Mmm… this lemon poppy seed cake is one of my favorites. Your palate will be delighted when tasting this sponge cake made with lemon, poppy seeds and glaze.
Mom is going to cook!
My kids are happy with mommy’s new hobby of blogging.
It amuses them, but they don’t understand. Mom cooks, then mom takes pictures, hereinafter mom writes on the computer. While Blanca, the older of the two, helps me taking photos, Nacho helps me to know if the dessert is delicious enough and fits to be published on the blog.
If you know how to make this cake, you know how to make any other homemade cake.
On the blog we have published similar cakes to this one, such as the marble cake or the lemon yogurt cake; however, this lemon poppy seed cake is going to take more time to prepare. Following the steps of this lemon sponge cake recipe, you will get it right the first time. You will get a homemade and fluffy cake to sweeten your family afternoons.

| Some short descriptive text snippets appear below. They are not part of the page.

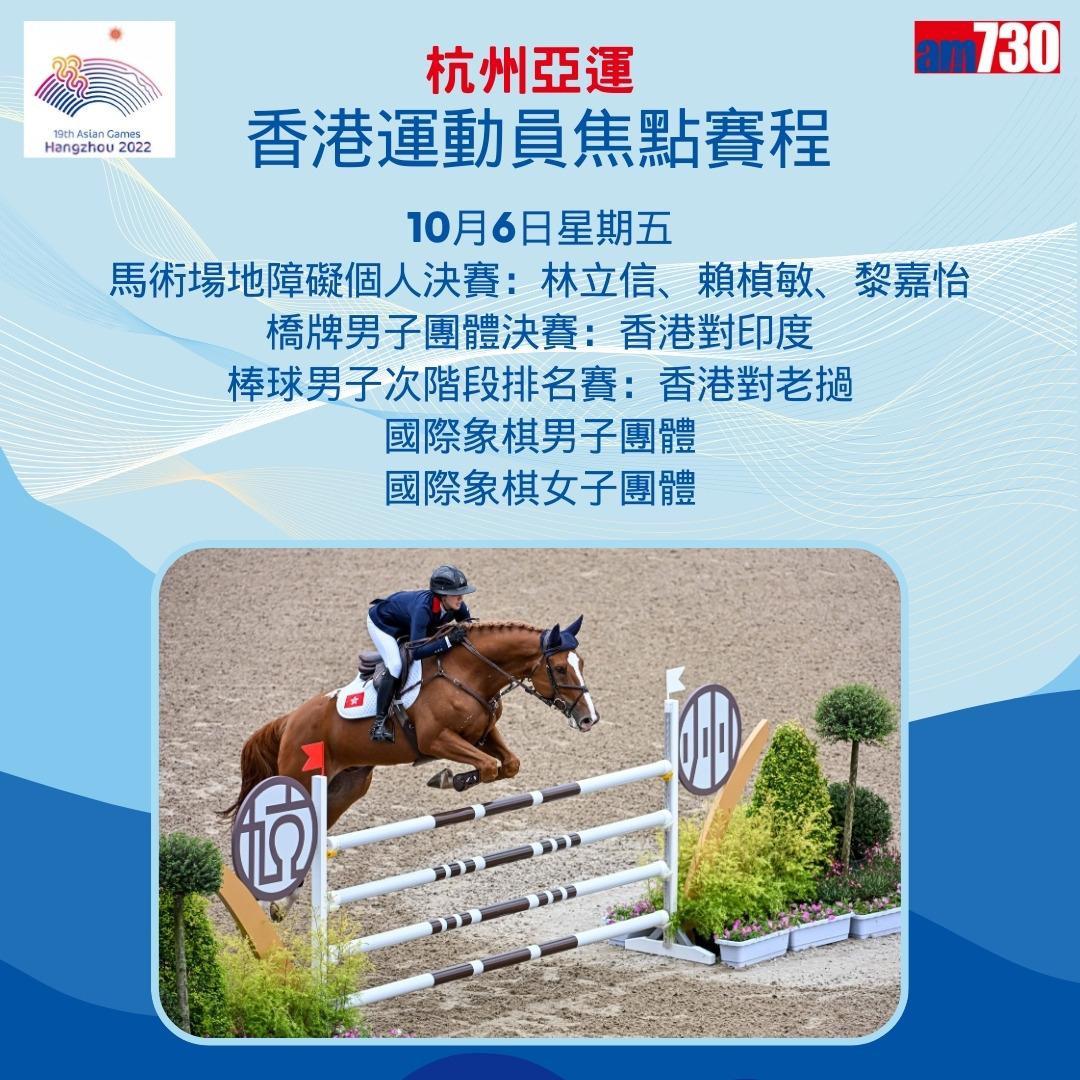 杭州亞運|香港隊焦點賽程,持續更新(am730製圖)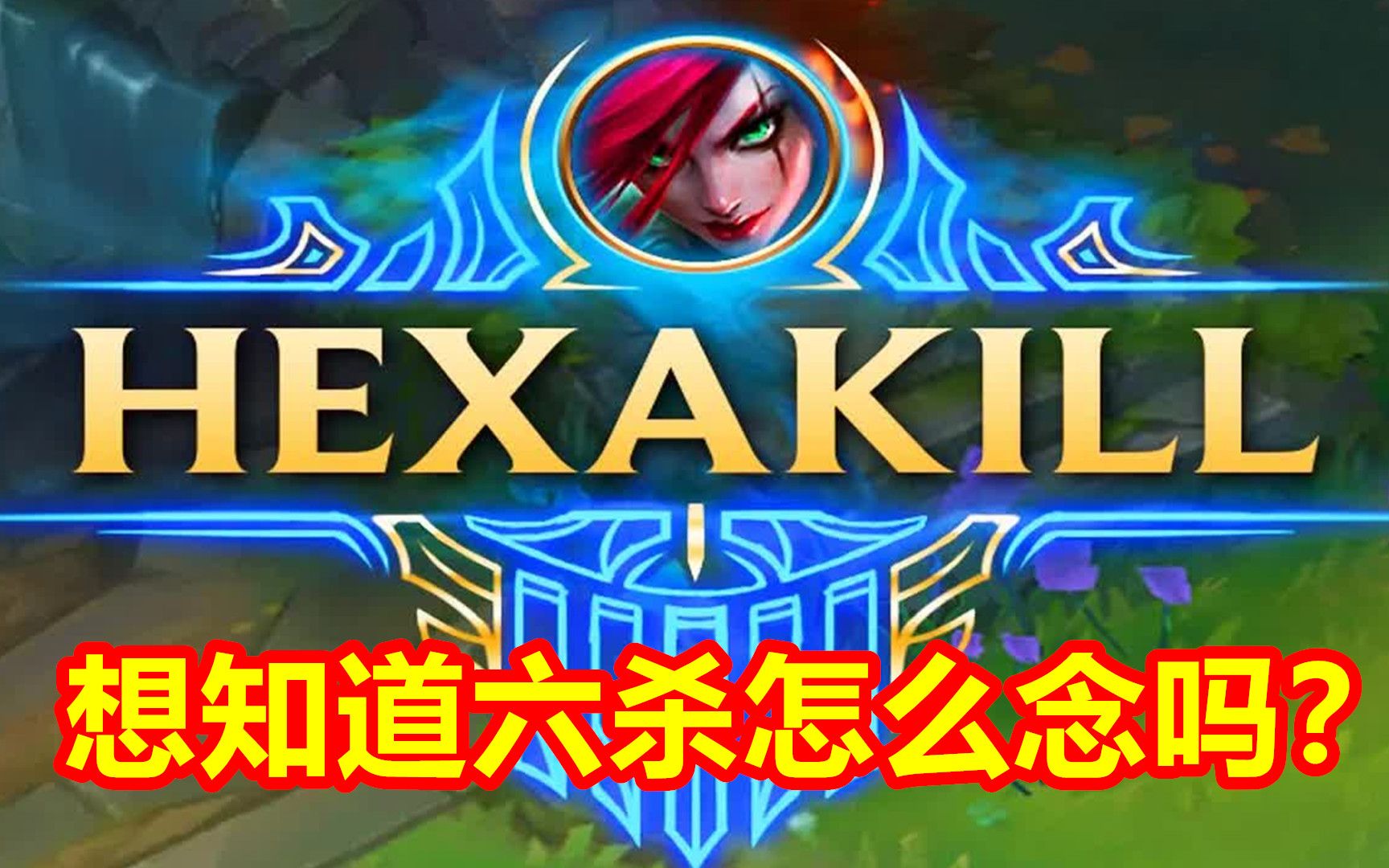 只开放过一次的六杀模式hexakill你听过吗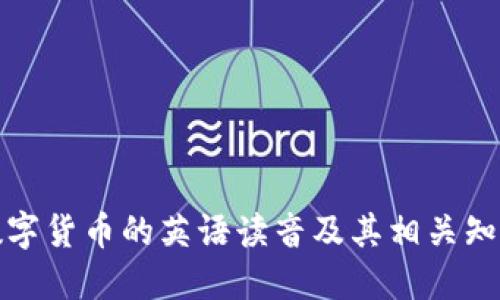 數(shù)字貨幣的英語(yǔ)讀音及其相關(guān)知識(shí)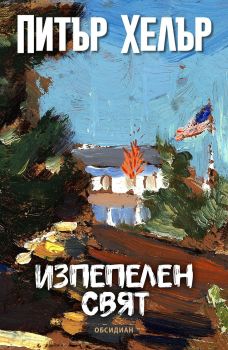 Изпепелен свят, Питър Хелър, Обсидиан, 9789547695993
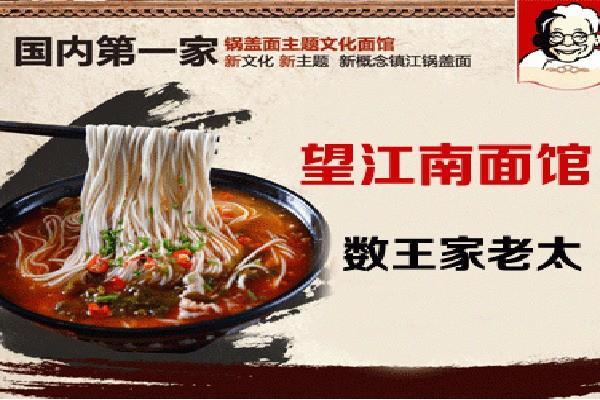 王老太鍋蓋面加盟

Stores are playing Christmas songs, and streets are decorated with colorful lights. We are on the eve of Christmas 2020, a year that has changed us all in one way or another. Besides the personal level, I would never have imagined creating a dessert blog. And here I am!
This new hobby of blogging has become a novelty in our lives. Whenever I have time, I take the opportunity to make a dessert with the help of my children and then we all enjoy eating it together as a family.
Lemon Poppy Seed Cake Recipe
- 250 grams flour
- 3 teaspoons baking powder (15 gr)
- 1 teaspoon baking soda (5 gr)
- 2 tablespoons lemon peel
- 60 ml lemon juice
- 1 pinch salt
- 170 grams softened butter
- 200 grams sugar
- 3 eggs
- 1 teaspoon vanilla extract
- 150 ml whole milk
- 2 tablespoons poppy seeds
- 60 ml lemon juice
- 3 tablespoons icing sugar
- 120 grams icing sugar
- 1 tablespoons lemon juice
- 2 teaspoons whole milk
- Preheat the oven to 356°F ( 180°C ).
- In a bowl, mix the dry ingredients: flour, baking powder, baking soda, lemon zest and salt. Set aside.
- In a separate bowl, cream the softened butter and sugar with a hand held mixer until combined.
- Add in 3 eggs, 1 by 1 while beating with the hand held on medium speed until well blended.
- Add in vanilla extract and lemon juice and whisk.
- Now add in the dry ingredients and milk into the mixture as follows: ⅓ flour and stir until integrated; ½ milk and integrate; ⅓ flour and integrate; ½ milk and integrate; ⅓ flour until integrated.
- Add in poppy seeds and stir with spatula.
- Butter and flour a 10 inch loaf pan. This process will help you unmold the cake later.
- Pour the batter and bake for 50 minutes (without opening the oven door). Then, insert a cake tester into the center of the cake to check whether it is done. If it comes out clean … Et voilà! When you take it out of the oven, let it cool on a wire rack; thus, it will be fluffier.
- So far you will have a super fluffy and tasty cake, but if you want to take this cake to another level, there are two more steps:
- Make the lemon syrup by mixing the lemon juice and the powdered sugar. Then, brush the sponge cake with the syrup.
- Once the cake has cooled, in a bowl, mix the icing sugar, lemon juice and milk. When the mixture thickens, pour it all over the cake.